BD : Ô vous, frères humains

Auteur : Luz (d’après Cohen)

Editeur : Futuropolis

“Un enfant juif rencontre la haine le jour de ses dix ans. J’ai été cet enfant.” En deux courtes phrases, Albert Cohen livrait, en quatrième de couverture de Ô vous, frères humains (1972), l’essentiel de son propos.


Et c’est dans une adaptation écorchée vive du manifeste humaniste de cet écrivain suisse romand du XXe siècle que le dessinateur Luz parvient à exprimer certaines angoisses qui subsistent toujours en lui depuis cet attentat du 7 janvier 2015 qui emporta ses copains de Charlie Hebdo.
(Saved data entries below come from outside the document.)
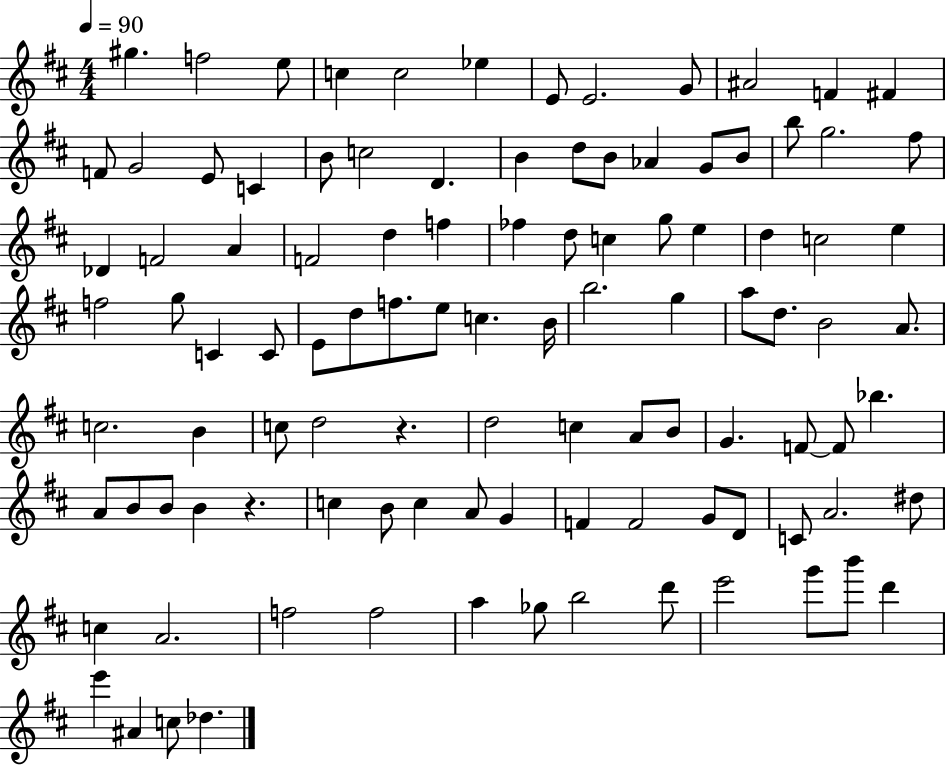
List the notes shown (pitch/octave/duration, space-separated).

G#5/q. F5/h E5/e C5/q C5/h Eb5/q E4/e E4/h. G4/e A#4/h F4/q F#4/q F4/e G4/h E4/e C4/q B4/e C5/h D4/q. B4/q D5/e B4/e Ab4/q G4/e B4/e B5/e G5/h. F#5/e Db4/q F4/h A4/q F4/h D5/q F5/q FES5/q D5/e C5/q G5/e E5/q D5/q C5/h E5/q F5/h G5/e C4/q C4/e E4/e D5/e F5/e. E5/e C5/q. B4/s B5/h. G5/q A5/e D5/e. B4/h A4/e. C5/h. B4/q C5/e D5/h R/q. D5/h C5/q A4/e B4/e G4/q. F4/e F4/e Bb5/q. A4/e B4/e B4/e B4/q R/q. C5/q B4/e C5/q A4/e G4/q F4/q F4/h G4/e D4/e C4/e A4/h. D#5/e C5/q A4/h. F5/h F5/h A5/q Gb5/e B5/h D6/e E6/h G6/e B6/e D6/q E6/q A#4/q C5/e Db5/q.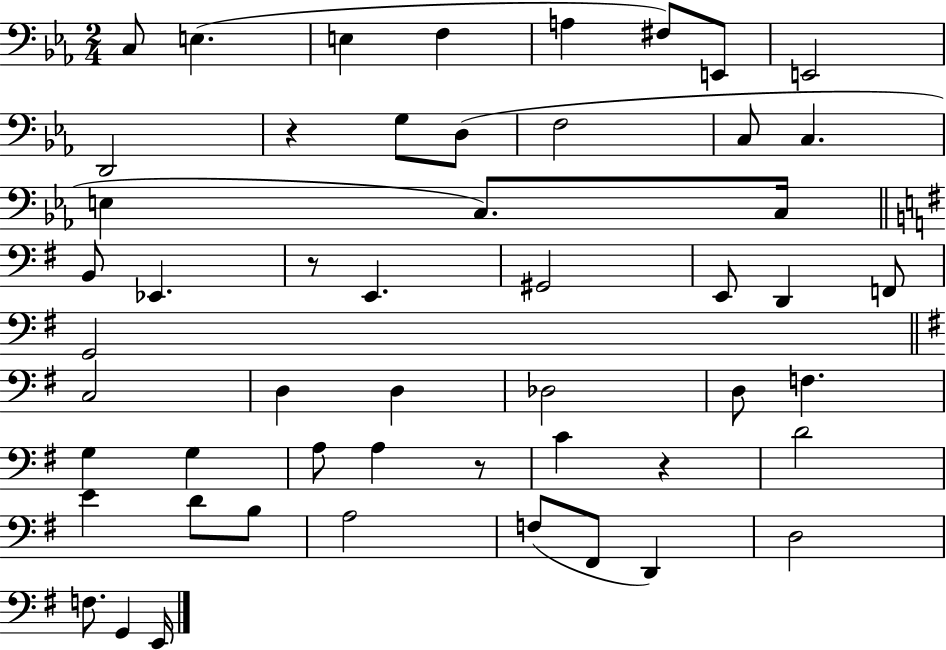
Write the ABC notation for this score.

X:1
T:Untitled
M:2/4
L:1/4
K:Eb
C,/2 E, E, F, A, ^F,/2 E,,/2 E,,2 D,,2 z G,/2 D,/2 F,2 C,/2 C, E, C,/2 C,/4 B,,/2 _E,, z/2 E,, ^G,,2 E,,/2 D,, F,,/2 G,,2 C,2 D, D, _D,2 D,/2 F, G, G, A,/2 A, z/2 C z D2 E D/2 B,/2 A,2 F,/2 ^F,,/2 D,, D,2 F,/2 G,, E,,/4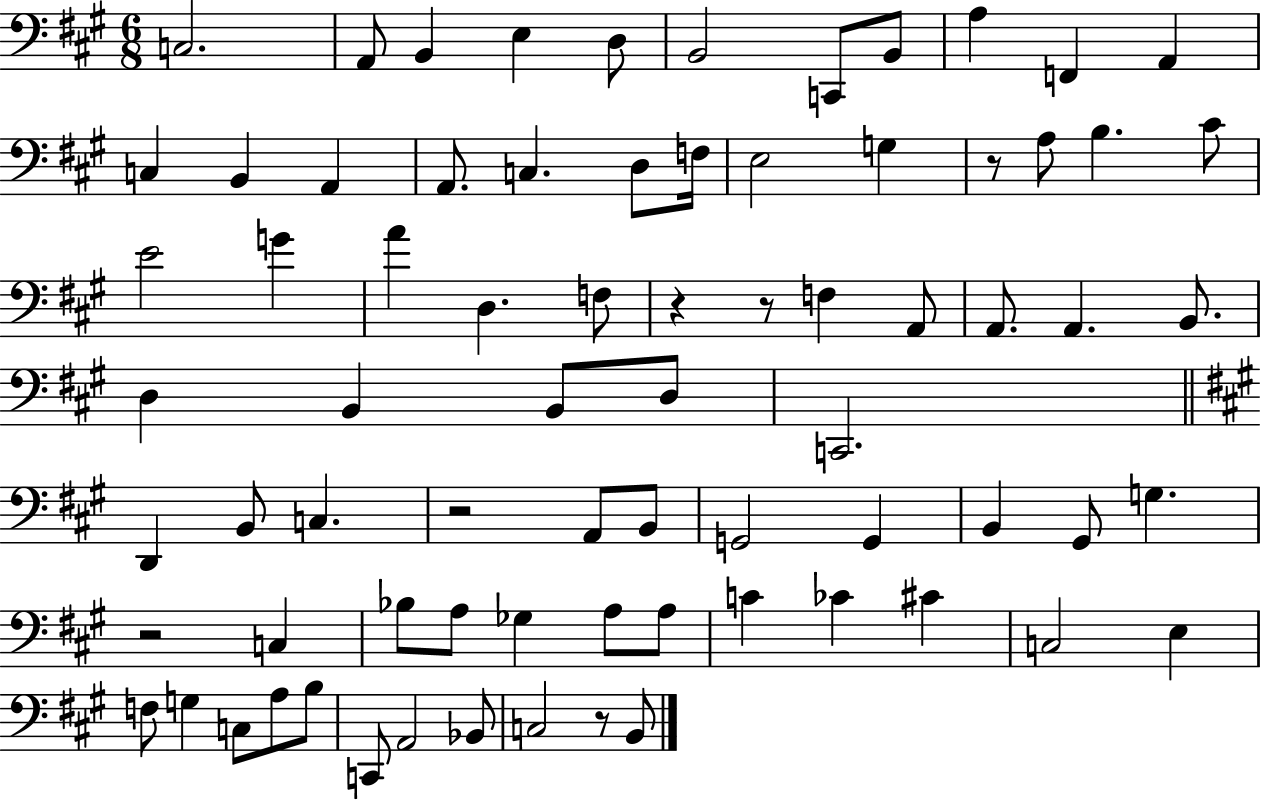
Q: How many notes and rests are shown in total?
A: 75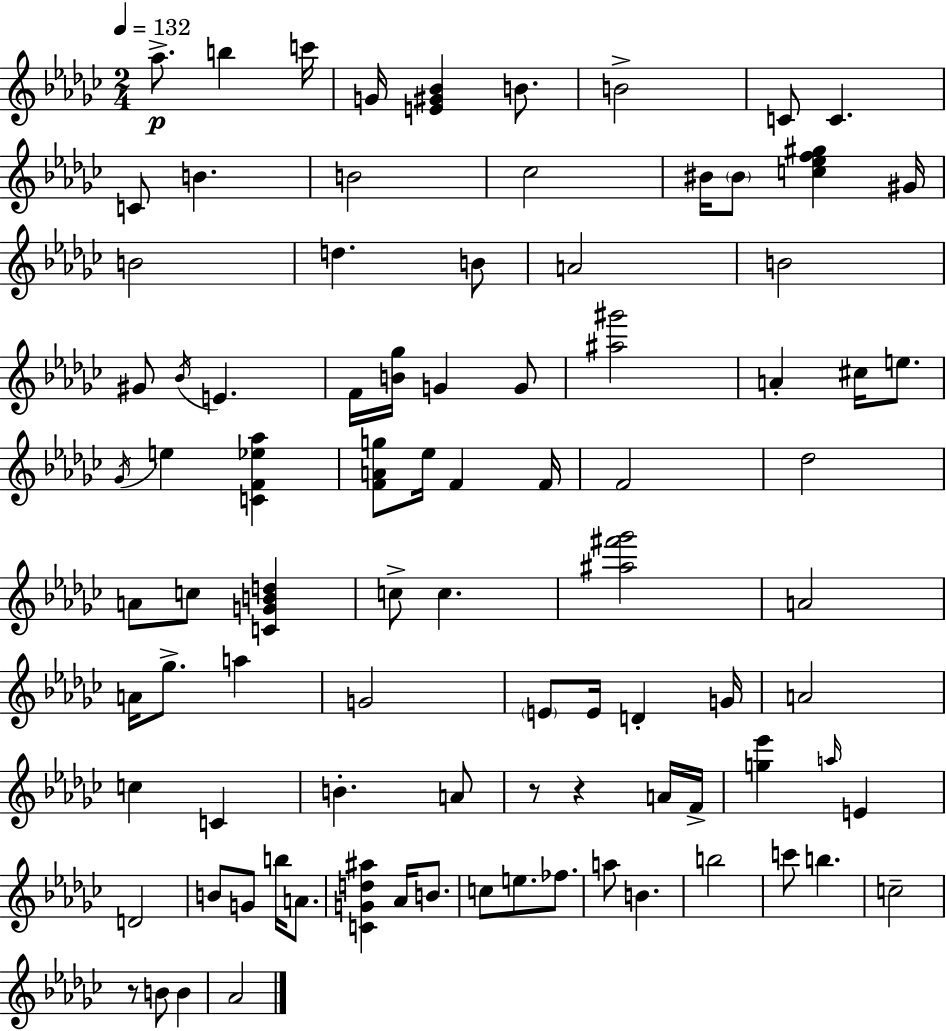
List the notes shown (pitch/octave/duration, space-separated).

Ab5/e. B5/q C6/s G4/s [E4,G#4,Bb4]/q B4/e. B4/h C4/e C4/q. C4/e B4/q. B4/h CES5/h BIS4/s BIS4/e [C5,Eb5,F5,G#5]/q G#4/s B4/h D5/q. B4/e A4/h B4/h G#4/e Bb4/s E4/q. F4/s [B4,Gb5]/s G4/q G4/e [A#5,G#6]/h A4/q C#5/s E5/e. Gb4/s E5/q [C4,F4,Eb5,Ab5]/q [F4,A4,G5]/e Eb5/s F4/q F4/s F4/h Db5/h A4/e C5/e [C4,G4,B4,D5]/q C5/e C5/q. [A#5,F#6,Gb6]/h A4/h A4/s Gb5/e. A5/q G4/h E4/e E4/s D4/q G4/s A4/h C5/q C4/q B4/q. A4/e R/e R/q A4/s F4/s [G5,Eb6]/q A5/s E4/q D4/h B4/e G4/e B5/s A4/e. [C4,G4,D5,A#5]/q Ab4/s B4/e. C5/e E5/e. FES5/e. A5/e B4/q. B5/h C6/e B5/q. C5/h R/e B4/e B4/q Ab4/h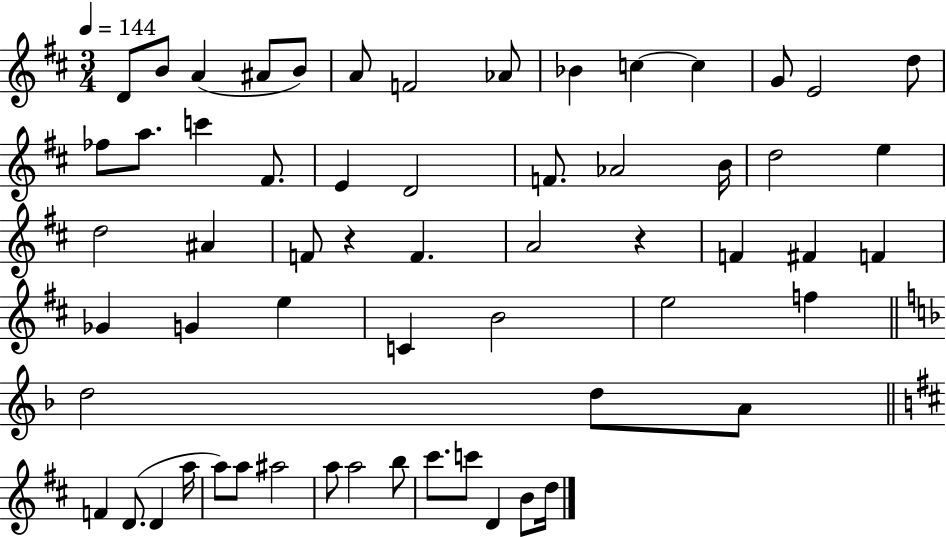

S’il s’était déjà exprimé à chaud dans Catharsis (chez le même éditeur), pour éviter la folie et en ne parlant que de lui-même, c’est dans un tout autre type de bande dessinée qu’il se libère une nouvelle fois, de manière sans doute mieux canalisée. Avec Ô vous, frères humains, il a pu, comme il le dit lui-même, creuser dans ses décombres avec la pelle d’un autre.

On trouve ici une alternance contrastée entre un trait linéaire poétique - presque à la Sempé - qui décrit très bien l’innocence de l’enfance, et un basculement vers le distordu et le sombre. Les angoisses du petit protagoniste se font alors cauchemardesquement surréalistes, les mises en page se font expressionnistes, évoquant les audaces de Will Eisner dans sa période de maturité.

Oppression, incompréhension, désarroi et bribes d'espoir, ces émotions brillamment décrites par Albert Cohen ont trouvé en Luz plus qu’un simple “adaptateur”. L’oeuvre se découvre une nouvelle forme, tout aussi forte que la première.


Une introspection torturée qui aura été doublement sublimée, transformée en belle réponse à la haine et autres folies du monde… cela reste néanmoins un appel au secours et à la raison des bourreaux, volontaires ou involontaires.